When I was in my early 20s, Baka died suddenly and traumatically. She fell down her stairs and fractured her skull in multiple places. Her death presaged another loss – the loss of the farm. Suburban development had been circling the property for years, but our family wasn’t ready to sell. Franco and I moved into the house, and my connection to the place continued. However, eventually the farm was sold and the house slated for demolition. The idea of losing the house and farm was daunting. The house was a repository for the memories of all who had grown up there – not just me, but my mom, my uncle, and my cousins. It was a portal to the past for all of us. Franco and I decided to film the demolition.
The 16mm demolition footage and the photographs found in the house have formed the basis for the short film that Franco and I have put together now, years after Baka’s death. The third element of the film is a series of vivid dreams about Baka I had after her death, which had a deep impact on my grief process. We’ve interwoven these elements to tell a story that explores the resonance of the places and objects left behind in the wake of death, and acknowledges how our deepest attachments must inevitably surrender to the transience of all things.
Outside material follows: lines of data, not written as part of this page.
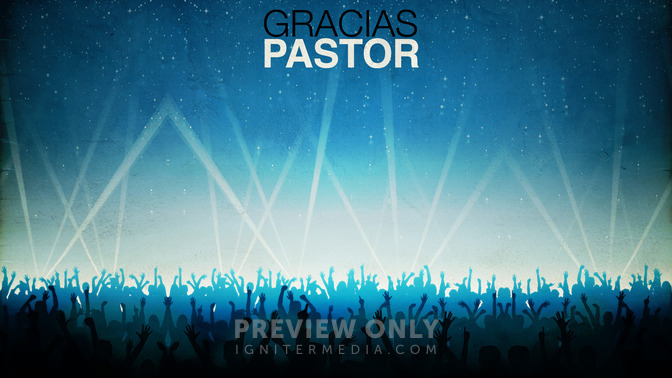 Gracias_Pastor_16x9-CONTENT-2#preset=tg_alt2.jpg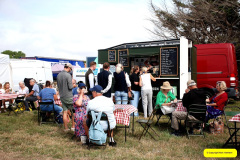 339.2026-08-27-Lelplash-Show-Bridport-Dorset.-338-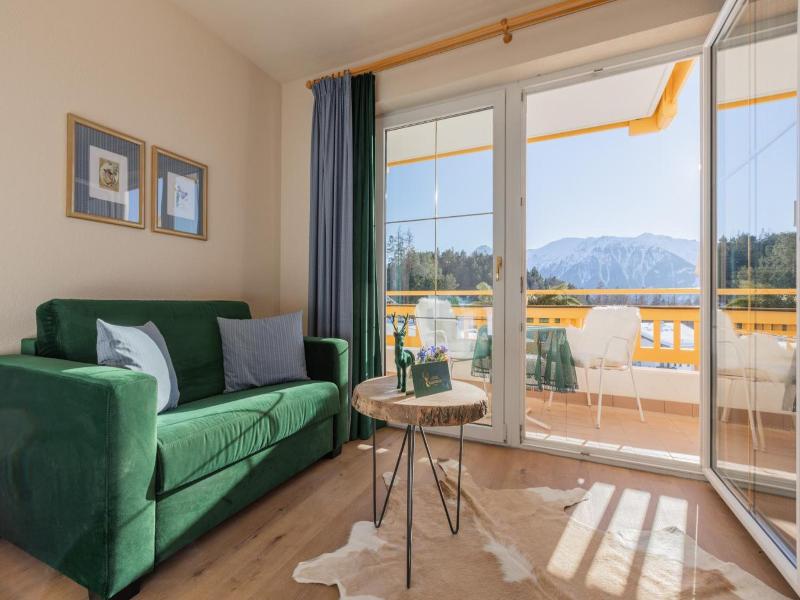 Vitalhotel Kaiserhof image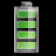 BatteryEx Free for OS4.6 | The Ultimate Battery Info Viewer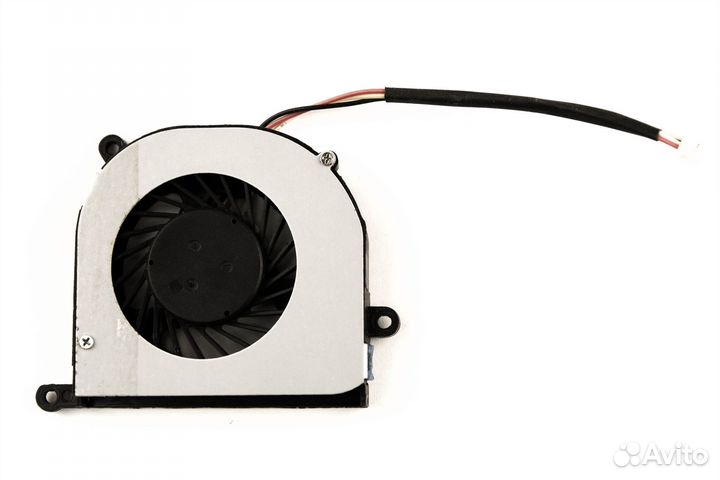 Вентилятор/Кулер для ноутбука HP DV2-1000 p/n: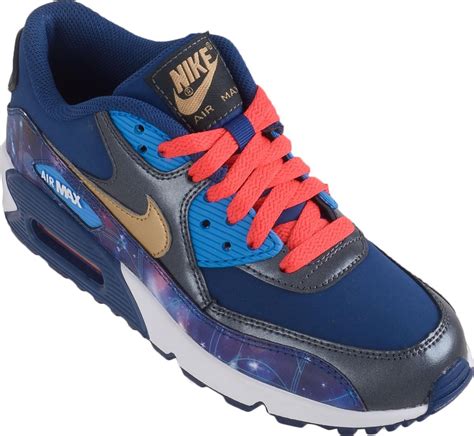 Nike Air Schoenen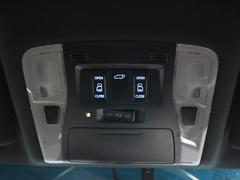 �ʼ��ˤ�����ä������졪���졦�������̤��ľ����¿���������Ԥι��ʼ��֤����������Ƥ���ޤ����ܥǥ�����蘆�Ϥ�����󡢲�����Υ��Ӥʤɤ�ʤ���ξ�򤴰��⡪�� 7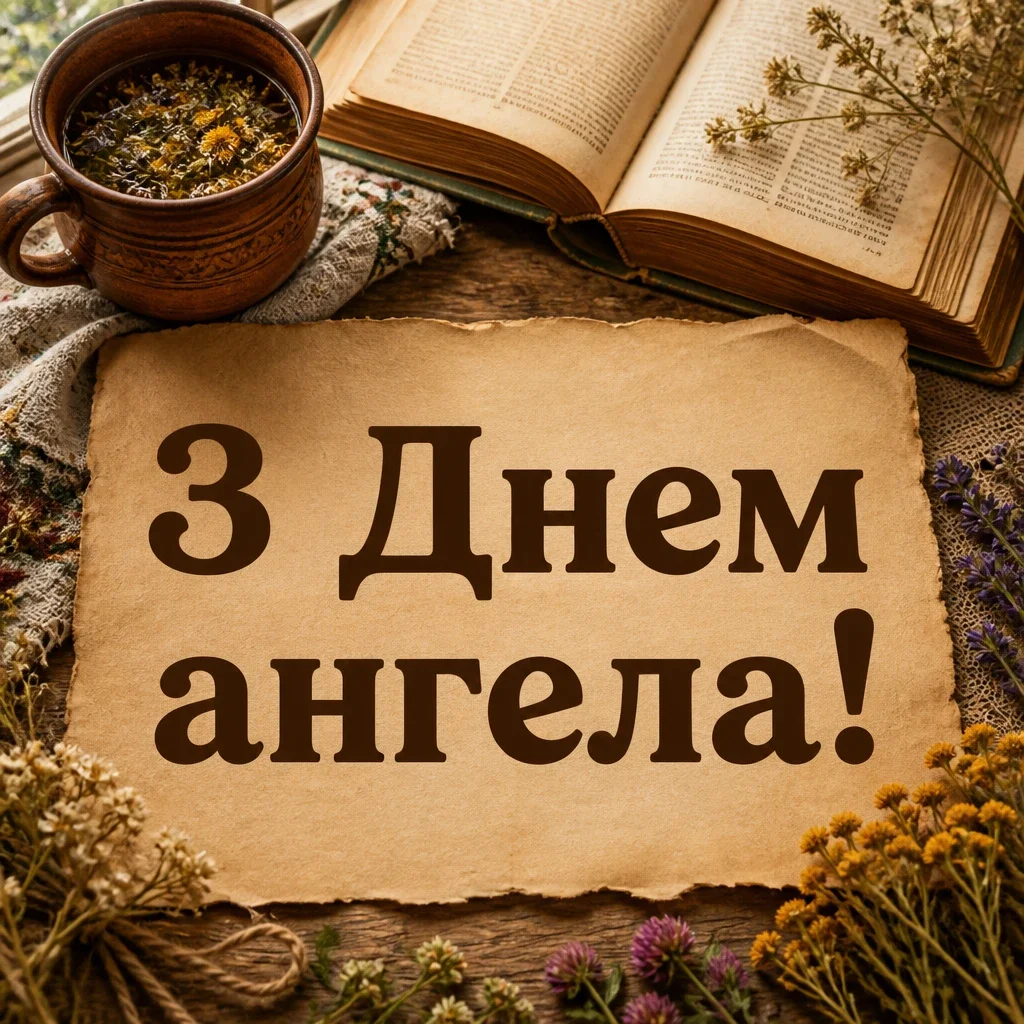 з днем ангела валентина з днем ангела валентина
DREAMS OF THE DEAD has allowed us to think deeply about the experience of loss. We hope that audiences will enjoy being part of this very personal exploration.
– Marlene Rodgers
Producer, Director, Writer
Marlene works as a writer, story editor, and producer on feature film, documentary and factual television productions. She has worked as a development executive in feature film, and as an instructor of screenwriting at institutions across Canada including the NSI, the Canadian Film Centre and SFU’s School of the Contemporary Arts. Among her credits, she wrote and produced the award-winning dramatic short FOXY LADY, WILD CHERRY, which premiered at TIFF and sold in multiple territories. DREAMS of the DEAD is her first film as a director.
Producer, Director, Editor
Franco Pante is an award-winning editor and filmmaker who has worked on features, dramatic series, documentaries and shorts, including the CTV television feature ELIJAH and the series ARCTIC AIR. He previously directed the documentary BLOOD MAKES THE GRASS GROW about conscientious objectors during the Gulf War, which was broadcast in Canada and the US, and widely distributed in the educational market.
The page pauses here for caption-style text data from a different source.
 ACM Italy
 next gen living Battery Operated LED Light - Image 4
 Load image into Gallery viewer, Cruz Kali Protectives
Cinematographer Paul Guenette was there at the beginning. He spent five days at the farm, documenting the place – and then its demolition. Paul has spent many years in the camera department on countless productions.
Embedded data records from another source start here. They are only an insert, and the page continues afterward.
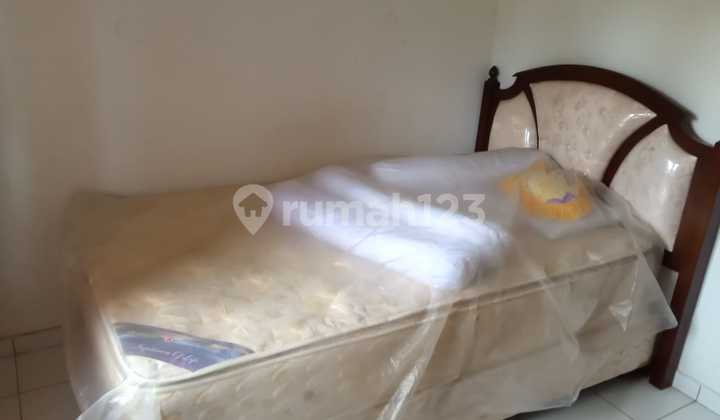 Disewakan Rumah 2 Lantai Besar Daerah Lembang Bandung Barat 3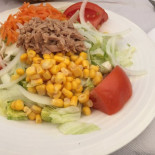 Vertical Comida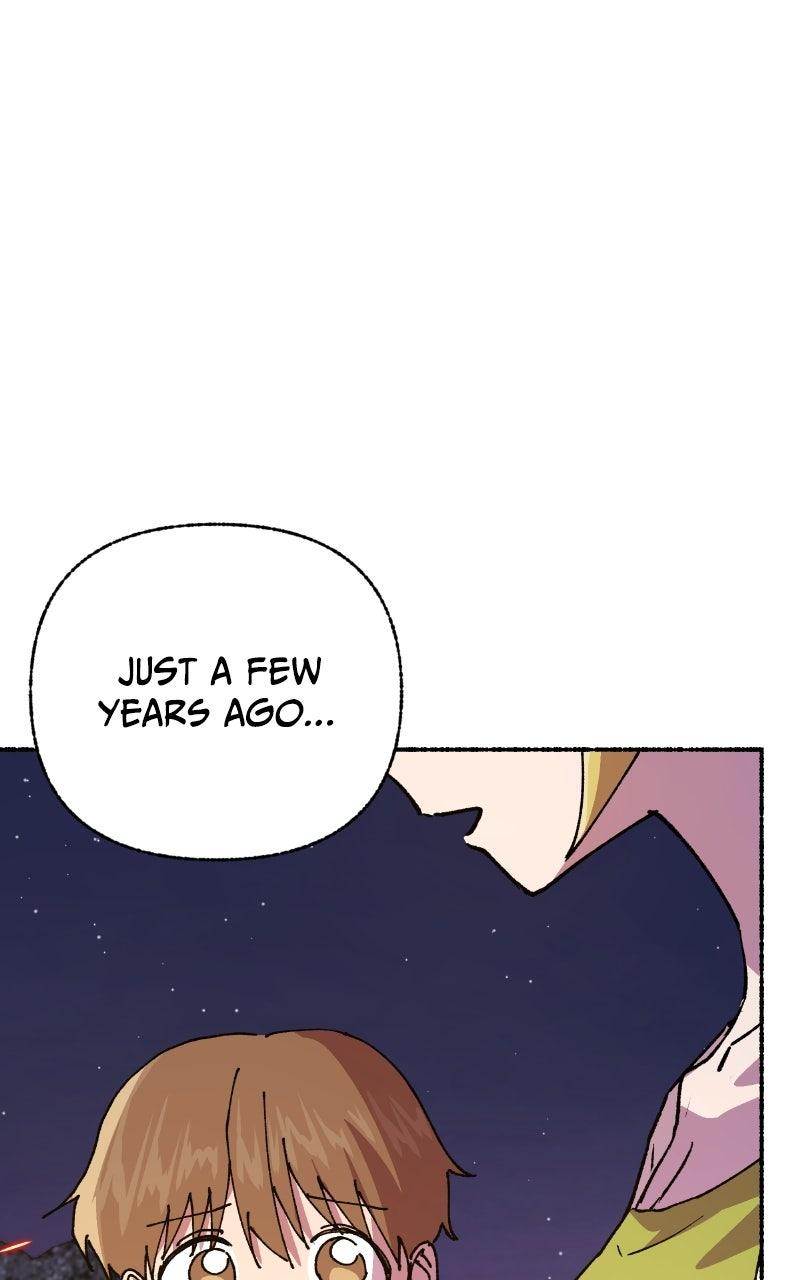 My Little Sister Is the Demon Lord! Chapter 110 - Page 87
Cinematographer Goran Basarić came aboard in the final phase of production, to help us create the surreal dream sequences and visuals throughout the film. Goran has worked extensively in film and television and also has an accomplished body of work as a still photographer. Like many of our collaborators, Goran is from the former Yugoslavia.
Cinematographer Chino Saavedra joined us to assist on dream shoots, and then took on the role of DP for the “Bakery Dream.” Chino, originally from Spain, is a filmmaker, editor and compositor.
Animator Branko Teslić and artist Branka Bakarić live in Zageb and Toronto. They worked with Marlene and Franco, brainstorming and conceptualizing the visual approach to the dream sequences.
VFX Artist Janez Ferlan was instrumental in refining the animation throughout the film, including the magical dream sequences that are at the core of DREAMS OF THE DEAD. He is a partner in Iridium Film and Jatko.